Work item: Quote word for word the lines starting at the line with "Calend&aacute;rio(Imagem:Divulga&ccedil;&atilde;o)" and ending at the final line of the entries. Leave out any pictures.

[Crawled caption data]
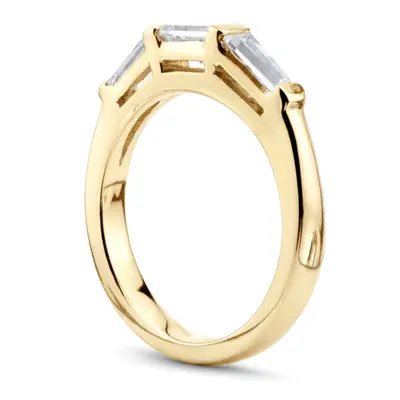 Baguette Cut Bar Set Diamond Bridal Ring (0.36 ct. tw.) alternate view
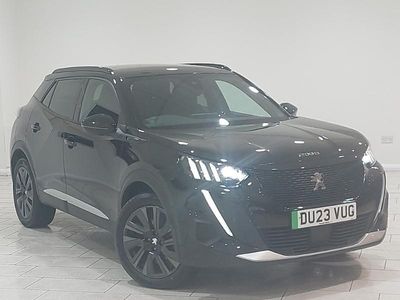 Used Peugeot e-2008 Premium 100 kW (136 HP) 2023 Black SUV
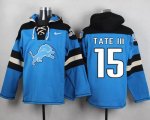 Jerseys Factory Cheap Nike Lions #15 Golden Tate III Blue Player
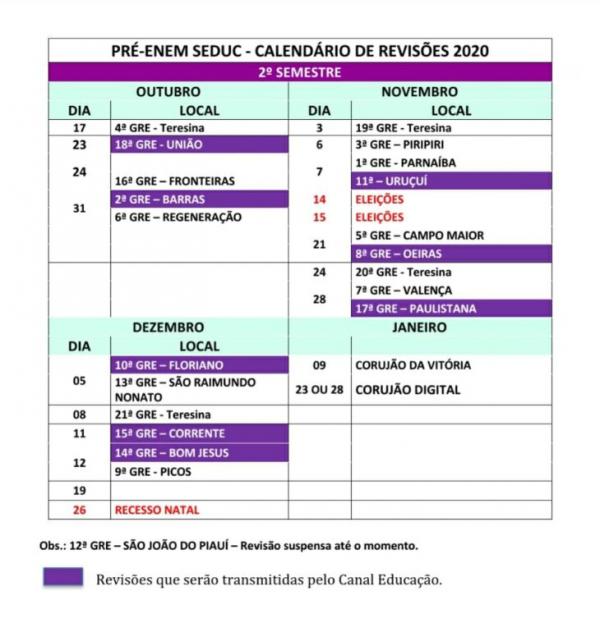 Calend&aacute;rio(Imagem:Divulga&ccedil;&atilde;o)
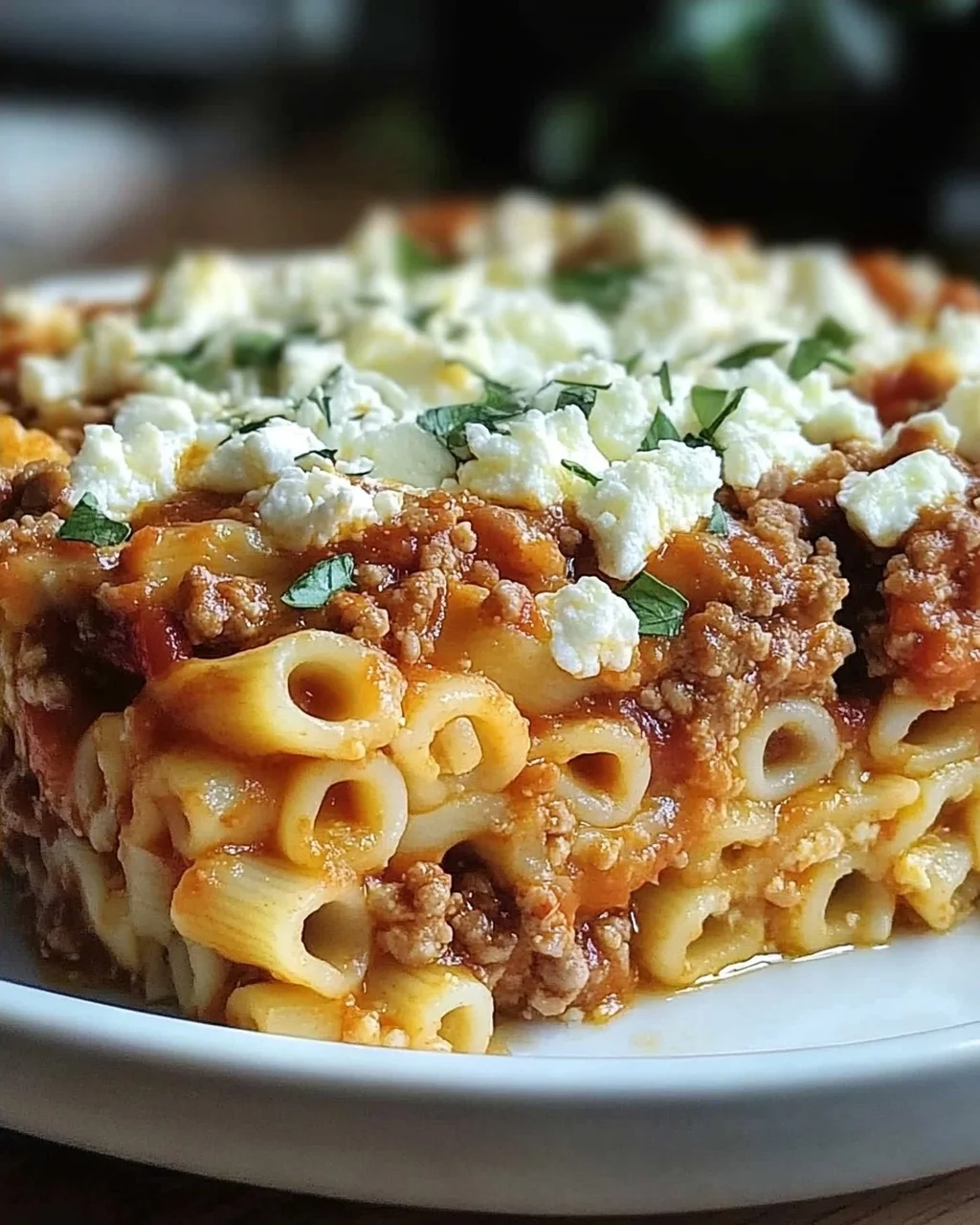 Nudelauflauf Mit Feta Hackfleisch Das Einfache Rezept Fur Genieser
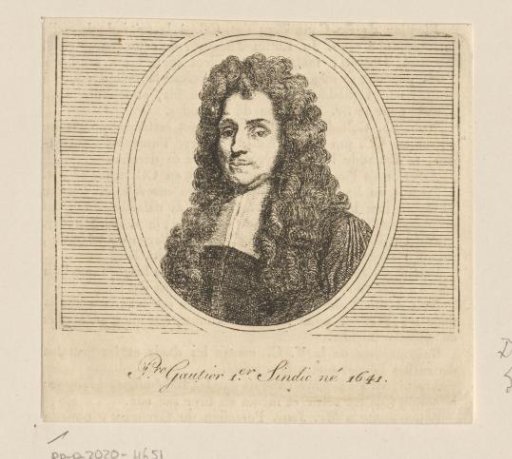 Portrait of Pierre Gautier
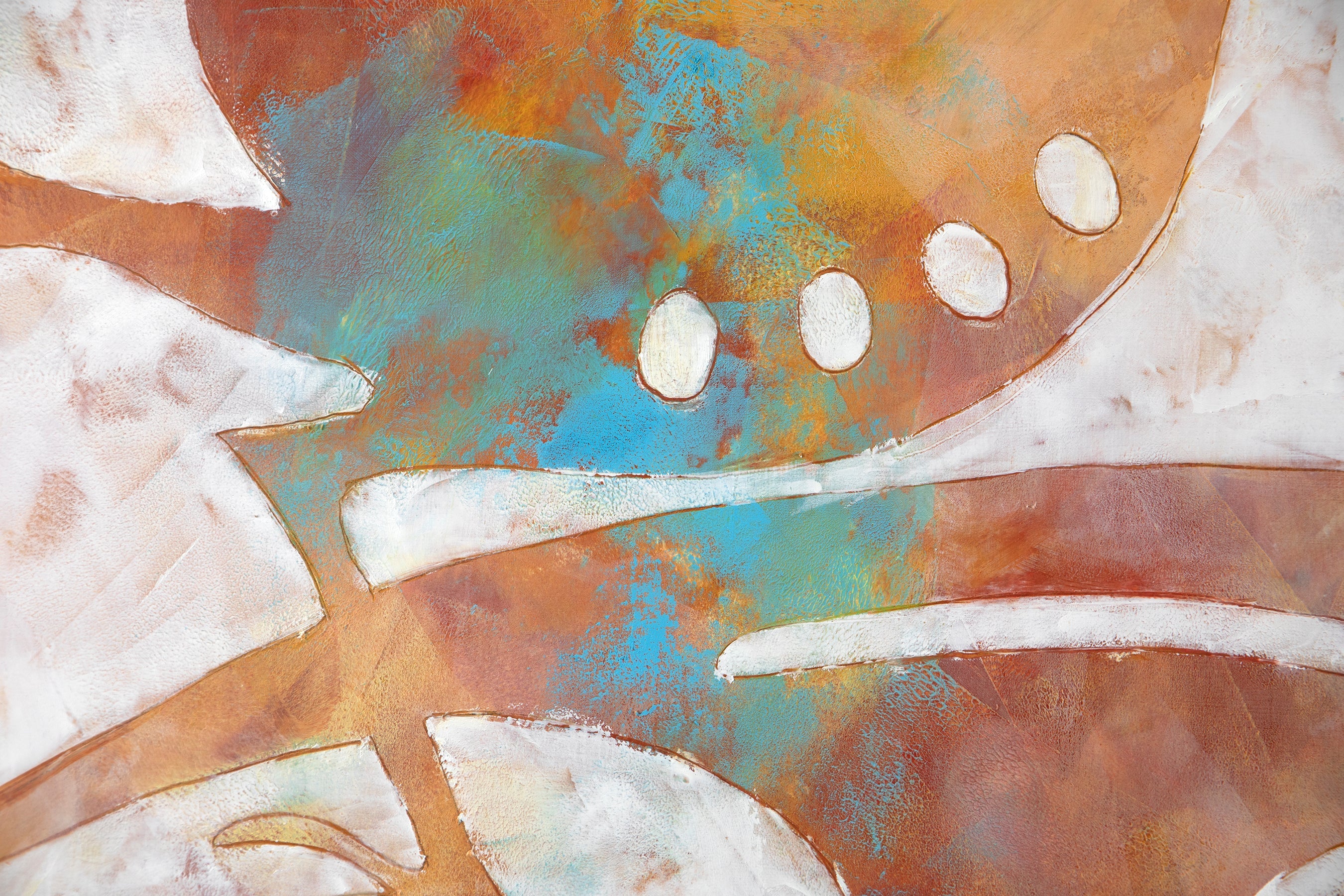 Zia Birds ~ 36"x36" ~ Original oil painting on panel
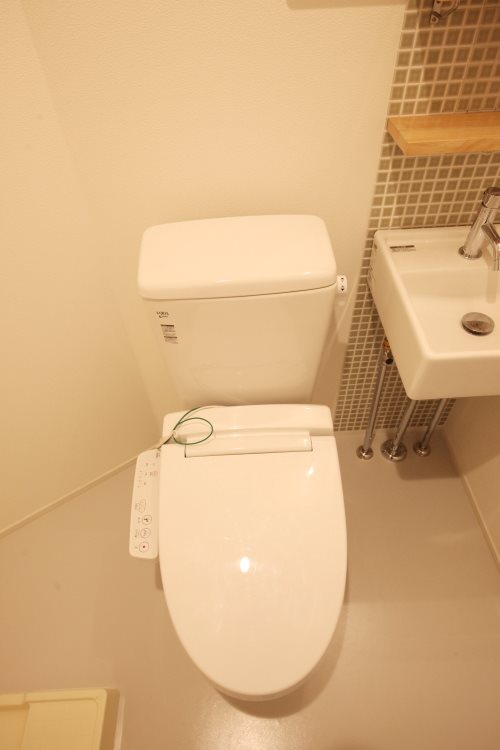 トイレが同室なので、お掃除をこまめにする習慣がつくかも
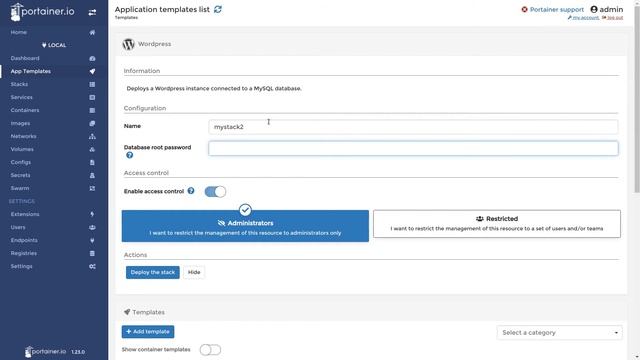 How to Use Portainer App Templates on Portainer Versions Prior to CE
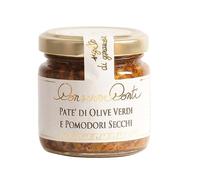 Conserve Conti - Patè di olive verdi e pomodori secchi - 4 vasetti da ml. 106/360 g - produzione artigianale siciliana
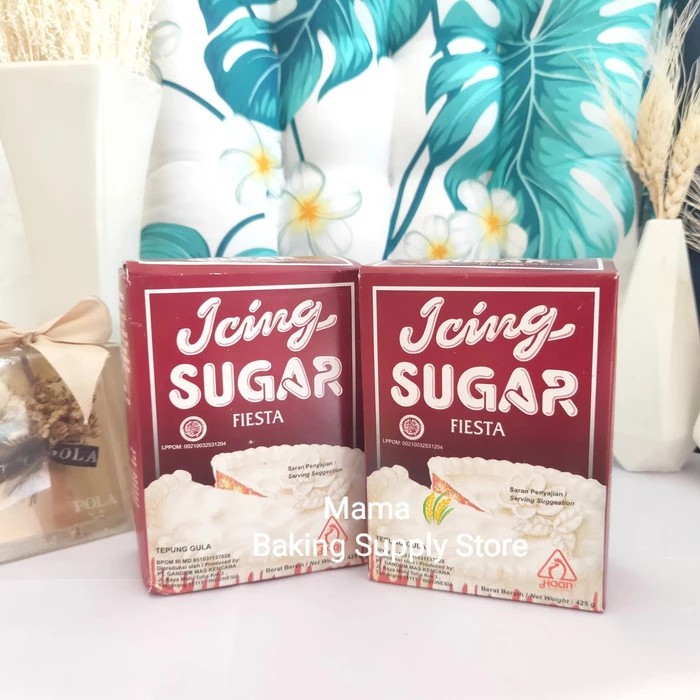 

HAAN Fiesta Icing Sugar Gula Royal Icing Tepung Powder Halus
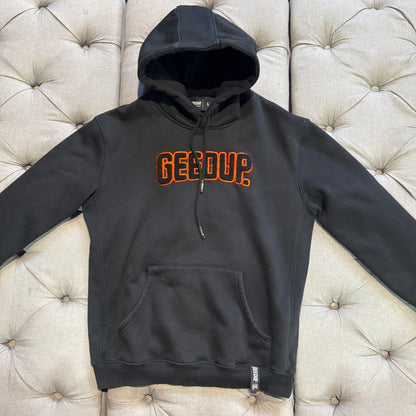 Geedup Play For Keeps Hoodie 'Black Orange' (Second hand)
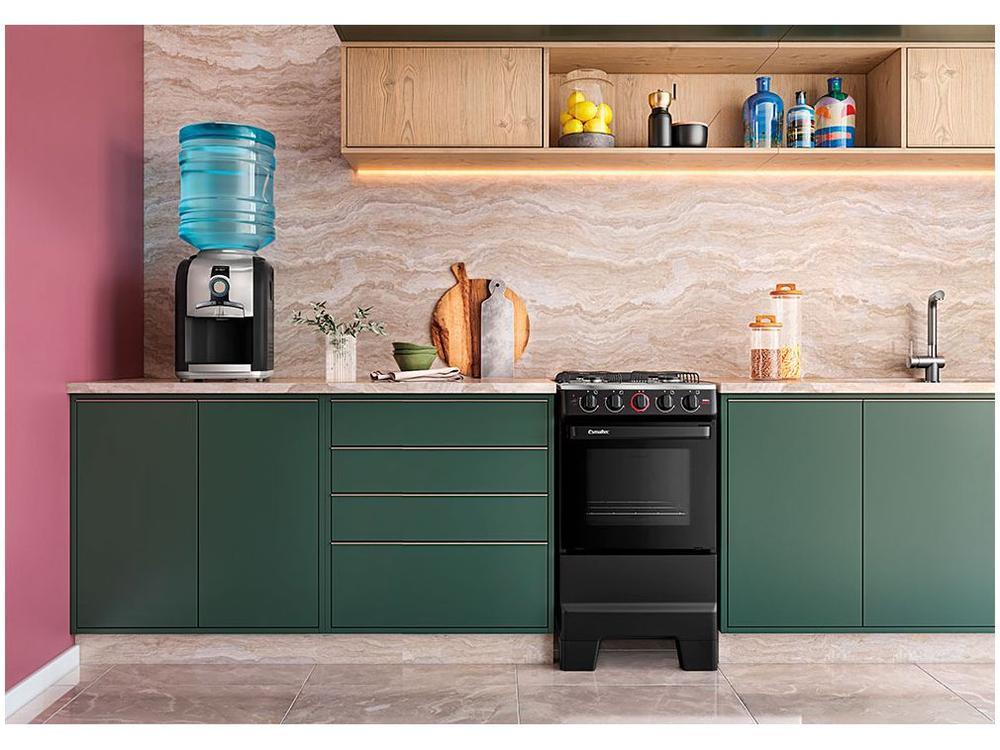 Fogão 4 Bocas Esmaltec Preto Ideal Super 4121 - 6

Reply to the task:
 Calend&aacute;rio(Imagem:Divulga&ccedil;&atilde;o)
 Nudelauflauf Mit Feta Hackfleisch Das Einfache Rezept Fur Genieser
 Portrait of Pierre Gautier
 Zia Birds ~ 36"x36" ~ Original oil painting on panel
 トイレが同室なので、お掃除をこまめにする習慣がつくかも
 How to Use Portainer App Templates on Portainer Versions Prior to CE
 Conserve Conti - Patè di olive verdi e pomodori secchi - 4 vasetti da ml. 106/360 g - produzione artigianale siciliana

HAAN Fiesta Icing Sugar Gula Royal Icing Tepung Powder Halus
 Geedup Play For Keeps Hoodie 'Black Orange' (Second hand)
 Fogão 4 Bocas Esmaltec Preto Ideal Super 4121 - 6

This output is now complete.